Todavía se encontraba apoyado en el pretil, frotándose la espalda, encendido de rabia, siguiendo con la vista el carruaje que se iba alejando, cuando se dio cuenta de que alguien le colocaba en la mano una moneda. Giró la cabeza y miró a una anciana que llevaba un gorro y estaba calzada con botas de piel de cabra, en compañía de una muchacha —su hija, indudablemente— que tenía un sombrero y llevaba una sombrilla verde.

—Hermano, toma esto, en nombre de Dios.

Él tomó la moneda y ellas siguieron su camino. Era una moneda de veinte kopeks. Se entendía que pensaran que era un pordiosero cuando vieron su apariencia y su vestimenta. Sin duda, la generosa entrega de los veinte kopeks se debía a que el latigazo despertó la piedad de las dos mujeres.

Dio, apretando la moneda con la mano, una veintena de pasos más y se paró de cara al río y al Palacio de Invierno. No había ni una nube en el firmamento y el agua del Neva —algo asombroso— era casi azul. La cúpula de la catedral de San Isaac (ese era justamente el punto de la ciudad desde donde se veía mejor) emitía vivos reflejos. Hasta los menores detalles de la decoración de la fachada se podían ver en el transparente aire.

Ya estaba desapareciendo el dolor del latigazo, y Raskolnikof, se olvidaba de la humillación sufrida. Lo dominaba un pensamiento vago pero inquietante. Se mantenía paralizado, con los ojos fijos en la distancia. Ese lugar le era conocido. Tenía la costumbre de detenerse allí cuando iba a la universidad, sobre todo al volver (más de cien veces lo hizo), para observar el magnífico paisaje. En esos instantes experimentaba una sensación confusa que no podía precisar y que le llenaba de sorpresa. Ese cuadro resplandeciente se le mostraba frío, algo así como sordo y ciego a la agitación de la existencia... Lo desconcertaba esta triste y enigmática impresión que recibía invariablemente, pero no se detenía a analizarla: la tarea de buscarle una explicación siempre la dejaba para más adelante...

Ahora recordaba esas incertidumbres, esas vagas emociones y este recuerdo, en su opinión, no era meramente casual. El simple hecho de haberse parado en el mismo lugar que antes, como si hubiese pensado que podía tener las mismas ideas e interesarse por los mismos entretenimientos que entonces, e incluso que hacía poco, le parecía ilógico, raro y hasta algo cómico, a pesar de que su corazón estaba oprimido por la amargura. Tenía la sensación de que todo este pasado, sus pensamientos y propósitos de antes, los objetivos que había perseguido, la grandiosidad de aquel panorama que tan bien conocía, se hundió hasta esfumarse en un abismo abierto a sus pies... Le parecía que había echado a volar y miró desde el espacio como todo aquello desaparecía.

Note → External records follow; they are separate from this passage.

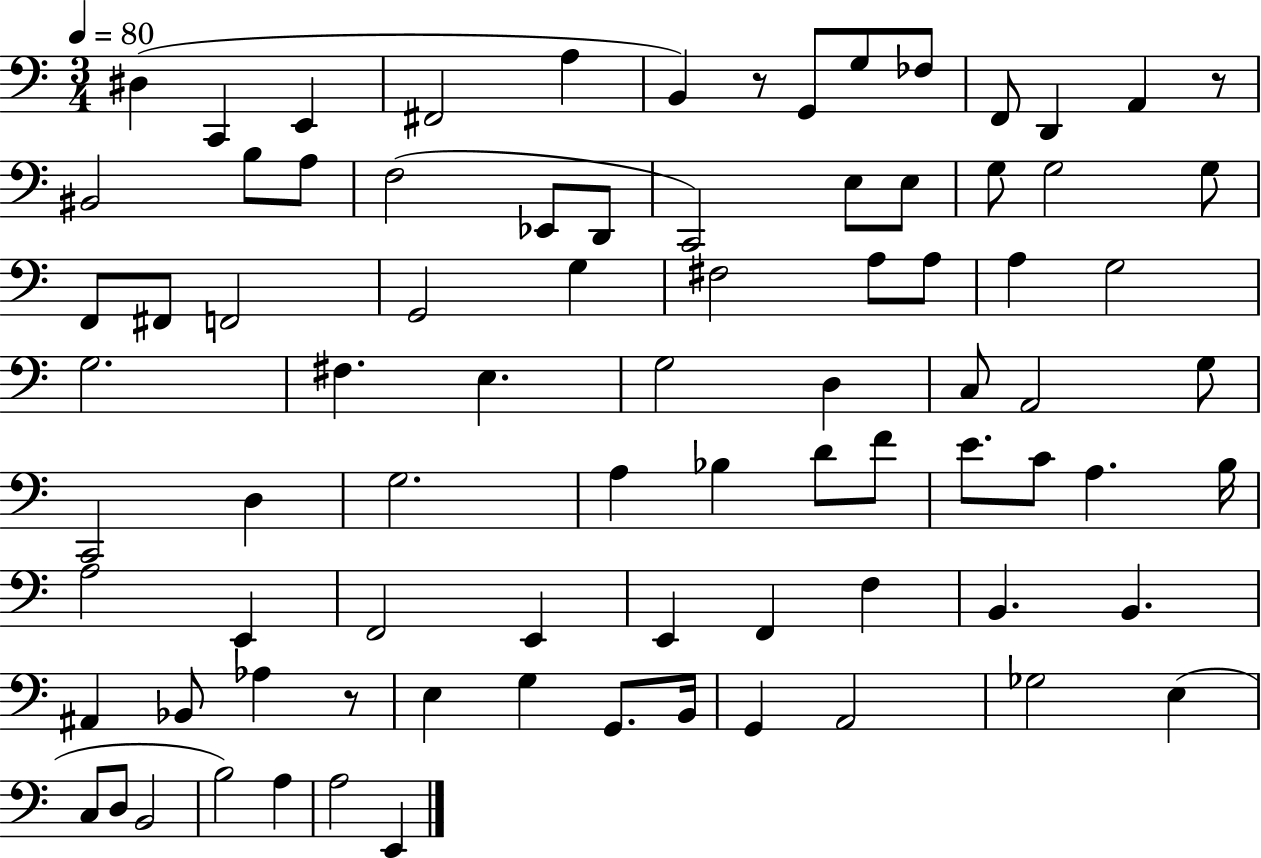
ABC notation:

X:1
T:Untitled
M:3/4
L:1/4
K:C
^D, C,, E,, ^F,,2 A, B,, z/2 G,,/2 G,/2 _F,/2 F,,/2 D,, A,, z/2 ^B,,2 B,/2 A,/2 F,2 _E,,/2 D,,/2 C,,2 E,/2 E,/2 G,/2 G,2 G,/2 F,,/2 ^F,,/2 F,,2 G,,2 G, ^F,2 A,/2 A,/2 A, G,2 G,2 ^F, E, G,2 D, C,/2 A,,2 G,/2 C,,2 D, G,2 A, _B, D/2 F/2 E/2 C/2 A, B,/4 A,2 E,, F,,2 E,, E,, F,, F, B,, B,, ^A,, _B,,/2 _A, z/2 E, G, G,,/2 B,,/4 G,, A,,2 _G,2 E, C,/2 D,/2 B,,2 B,2 A, A,2 E,,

Se dio cuenta cuando hizo un movimiento instintivo de que todavía tenía en su mano cerrada la pieza de veinte kopeks. Abrió la mano, estuvo un instante mirando fijamente la moneda y después alzó el brazo y la lanzó al río.

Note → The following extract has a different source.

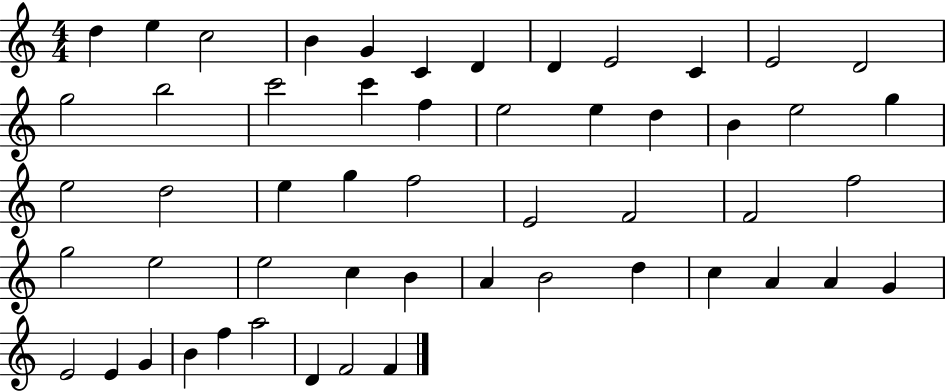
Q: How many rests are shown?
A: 0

En seguida comenzó el regreso a su casa. Tenía la impresión de que, como con unas tijeras, había cortado tan limpiamente todos los lazos que lo unían a la existencia, a la humanidad...

Cuando llegó a su cuarto ya caía la noche. Había estado, por lo tanto, deambulando por más de seis horas. No obstante, ni siquiera podía recordar por qué calles había transitado. Se sentía tan cansado como un caballo después de una carrera. Se quitó la ropa, se acostó en el sofá, se arropó con su viejo sobretodo y, de inmediato, se durmió.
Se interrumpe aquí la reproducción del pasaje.